In this example, inputs is a dictionary representing a single row, and the transformation function returns a dictionary of transformed features for that single row. This approach is more intuitive and aligns with how data scientists typically process single data records.

Example 4: On Demand Transformation on Write Using Pandas Mode

from feast import Field, on_demand_feature_view
from feast.types import Float64
import pandas as pd

# Existing Feature View
driver_hourly_stats_view = ...

# Define an ODFV applying transformation during write time
@on_demand_feature_view(
    sources=[driver_hourly_stats_view],
    schema=[
        Field(name="conv_rate_adjusted", dtype=Float64),
    ],
    mode="pandas",
    write_to_online_store=True,  # Apply transformation during write time
)
def transformed_conv_rate(features_df: pd.DataFrame) -> pd.DataFrame:
    df = pd.DataFrame()
    df["conv_rate_adjusted"] = features_df["conv_rate"] * 1.1  # Adjust conv_rate by 10%
    return df

To ingest data with the new feature view, include all input features required for the transformations:

from feast import FeatureStore
import pandas as pd

store = FeatureStore(repo_path=".")

# Data to ingest
data = pd.DataFrame({
    "driver_id": [1001],
    "event_timestamp": [pd.Timestamp.now()],
    "conv_rate": [0.5],
    "acc_rate": [0.8],
    "avg_daily_trips": [10],
})

# Ingest data to the online store
store.push("driver_hourly_stats_view", data)

Feature Retrieval

{% hint style="info" %} Note: The name of the on demand feature view is the function name (e.g., transformed_conv_rate). {% endhint %}

Offline Features

Retrieve historical features by referencing individual features or using a feature service:

training_df = store.get_historical_features(
    entity_df=entity_df,
    features=[
        "driver_hourly_stats:conv_rate",
        "driver_hourly_stats:acc_rate",
        "driver_hourly_stats:avg_daily_trips",
        "transformed_conv_rate:conv_rate_plus_val1",
        "transformed_conv_rate:conv_rate_plus_val2",
        "transformed_conv_rate_singleton:conv_rate_plus_acc_singleton",
    ],
).to_df()

Online Features

Retrieve online features by referencing individual features or using a feature service:

entity_rows = [
    {
        "driver_id": 1001,
        "val_to_add": 1,
        "val_to_add_2": 2,
    }
]

online_response = store.get_online_features(
    entity_rows=entity_rows,
    features=[
        "driver_hourly_stats:conv_rate",
        "driver_hourly_stats:acc_rate",
        "transformed_conv_rate_python:conv_rate_plus_val1_python",
        "transformed_conv_rate_python:conv_rate_plus_val2_python",
        "transformed_conv_rate_singleton:conv_rate_plus_acc_singleton",
    ],
).to_dict()

Materializing Pre-transformed Data

In some scenarios, you may have already transformed your data in batch (e.g., using Spark or another batch processing framework) and want to directly materialize the pre-transformed features without applying transformations during ingestion. Feast supports this through the transform_on_write parameter.

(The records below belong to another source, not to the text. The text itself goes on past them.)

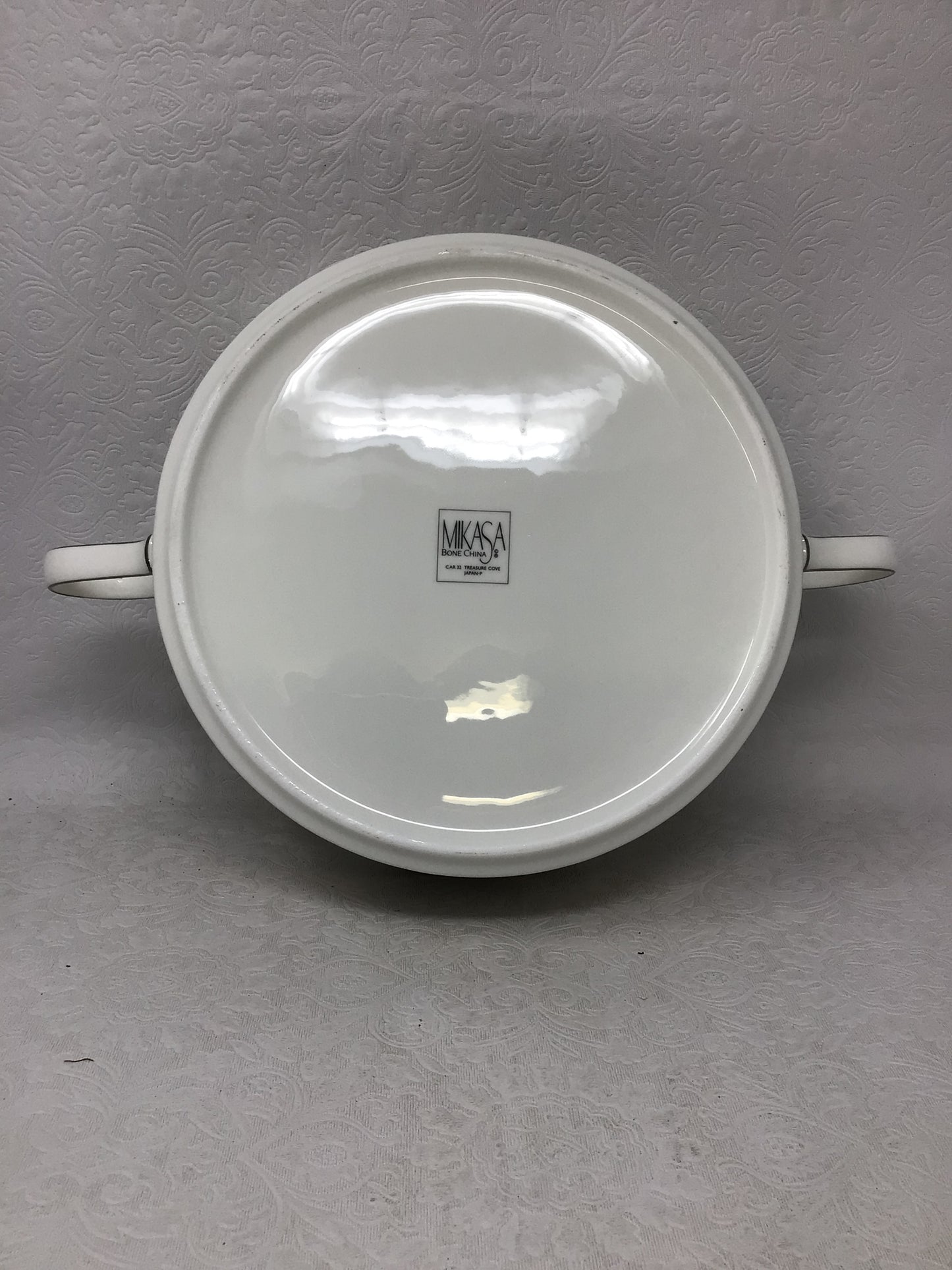 Mikasa Covered Casserole Dish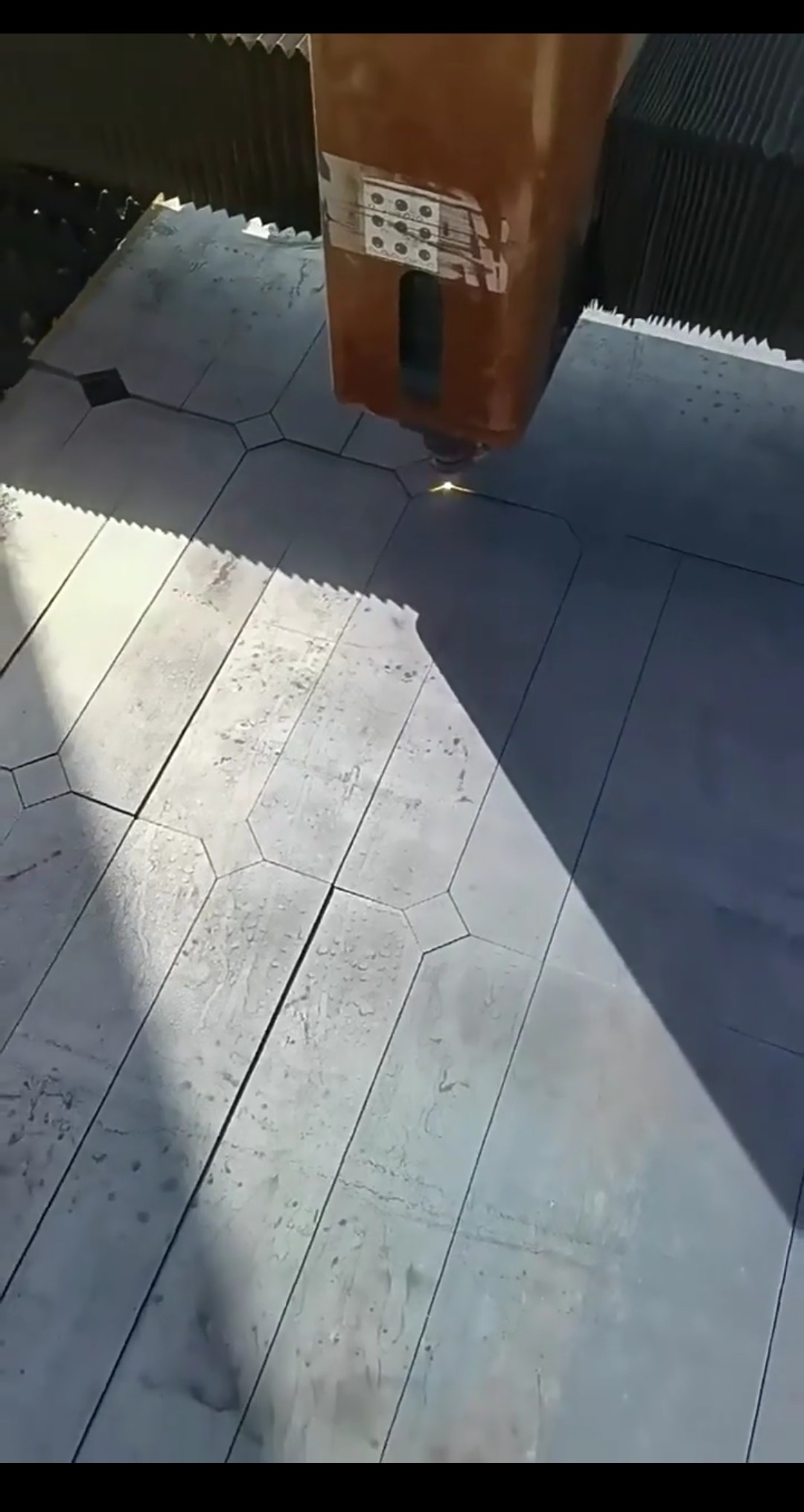 钢板激光切割打孔钢板折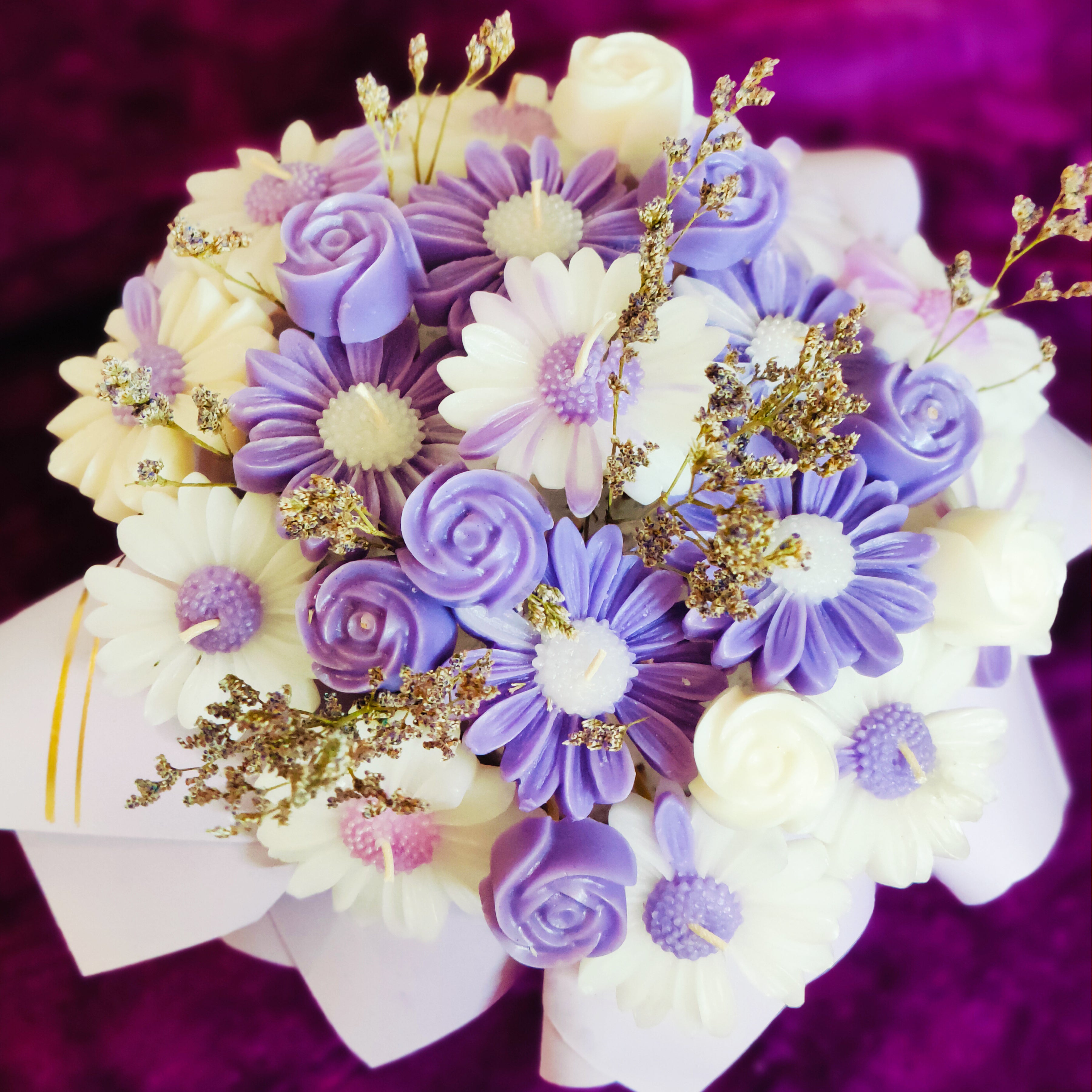 Daisy Candle Bouquet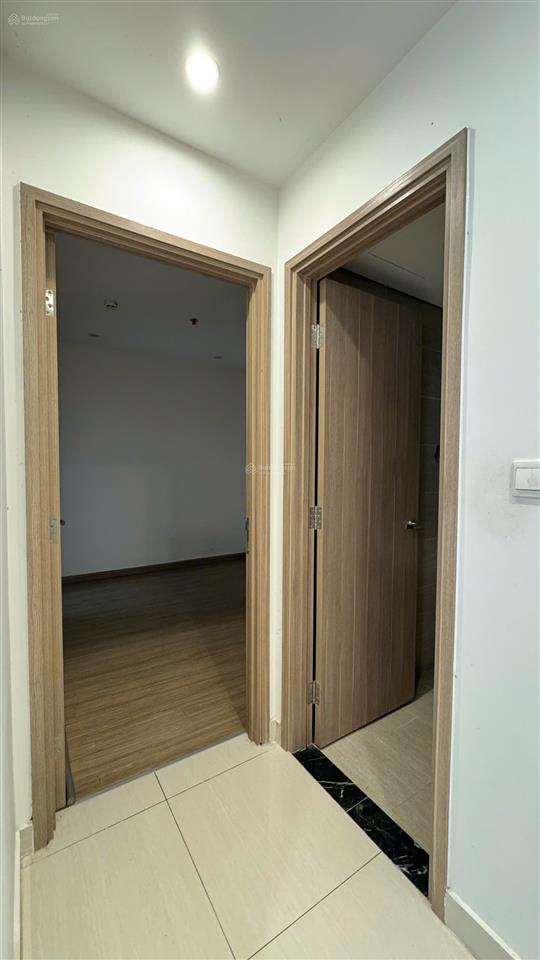 Bán 2pn s6 origami tầng 12 view đẹp, sổ hồng sẵn, chỉ 2.7 tỷ ạ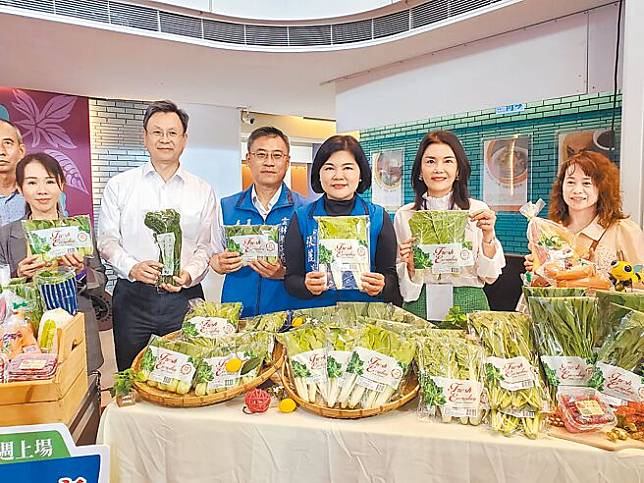 台灣蔬菜首次以海運外銷至新加坡超市上市，雲林縣長張麗善（右三）將親自率團出席。（周麗蘭攝）
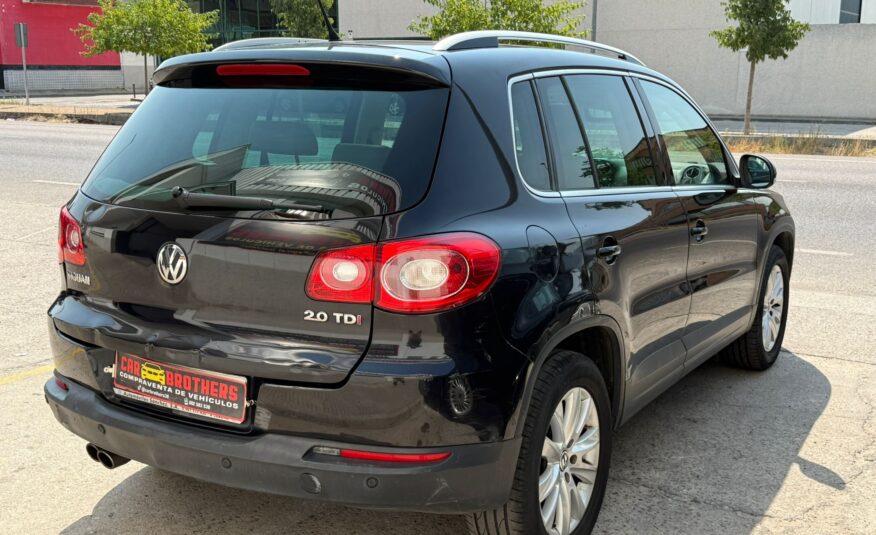 VOLKSWAGEN TIGUAN 4MOTION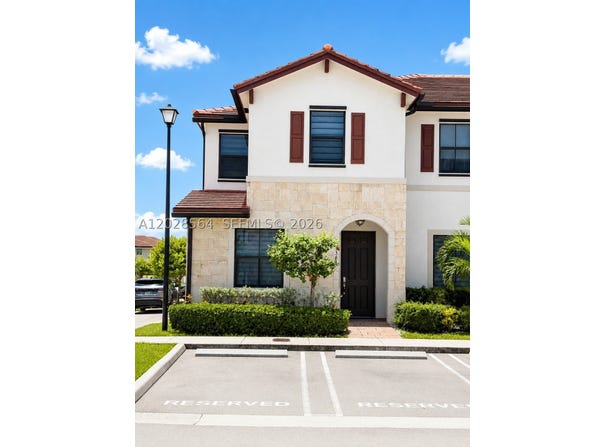 3368 W 105th Ter, Hialeah, FL 33018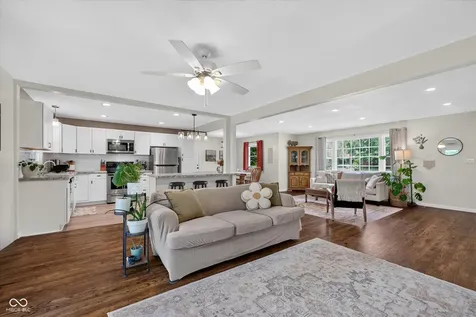 7341 W Sacramento Drive Greenfield IN 46140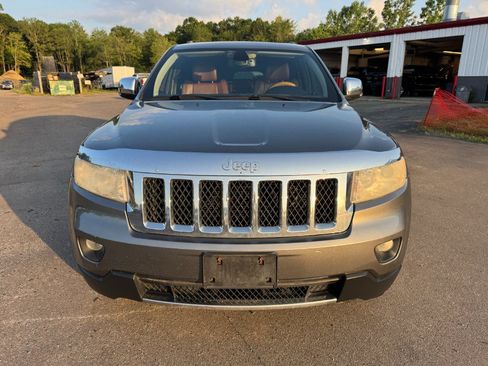 Used 2012 Jeep Grand Cherokee Overland AWD/4WD image 8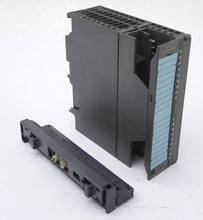 Load image into Gallery viewer, Siemens Input Module 6ES7 321-1EH01-0AA0 - Advance Operations
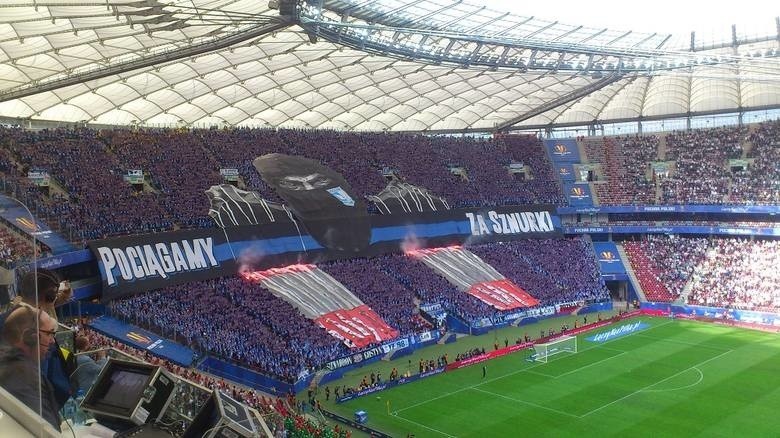 Kibice na Stadionie Narodowym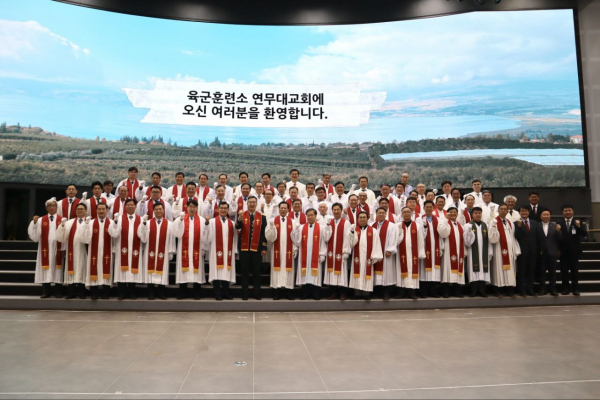 논산 훈련소 연무대 군인교회에서 거행된 진중 세례식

When using write_to_online_store=True with On Demand Feature Views, you can set transform_on_write=False to skip transformations during the write operation. This is particularly useful for optimizing performance when working with large pre-transformed datasets.

from feast import FeatureStore
import pandas as pd

store = FeatureStore(repo_path=".")

# Pre-transformed data (transformations already applied)
pre_transformed_data = pd.DataFrame({
    "driver_id": [1001],
    "event_timestamp": [pd.Timestamp.now()],
    "conv_rate": [0.5],
    # Pre-calculated values for the transformed features
    "conv_rate_adjusted": [0.55],  # Already contains the adjusted value
})

# Write to online store, skipping transformations
store.write_to_online_store(
    feature_view_name="transformed_conv_rate",
    df=pre_transformed_data,
    transform_on_write=False  # Skip transformation during write
)

This approach allows for a hybrid workflow where you can:

1. Transform data in batch using powerful distributed processing tools
2. Materialize the pre-transformed data without reapplying transformations
3. Still use the Feature Server to execute transformations during API calls when needed

Even when features are materialized with transformations skipped (transform_on_write=False), the feature server can still apply transformations during API calls for any missing values or for features that require real-time computation.

CLI Commands

There are new CLI commands to manage on demand feature views:

feast on-demand-feature-views list: Lists all registered on demand feature views after feast apply is run. feast on-demand-feature-views describe [NAME]: Describes the definition of an on demand feature view.

Troubleshooting

Validation Issues with Complex Transformations

When defining On Demand Feature Views with complex transformations, you may encounter validation errors during feast apply. Feast validates ODFVs by constructing random inputs and running the transformation function to infer the output schema. This validation can sometimes be overly strict or fail for complex transformation logic.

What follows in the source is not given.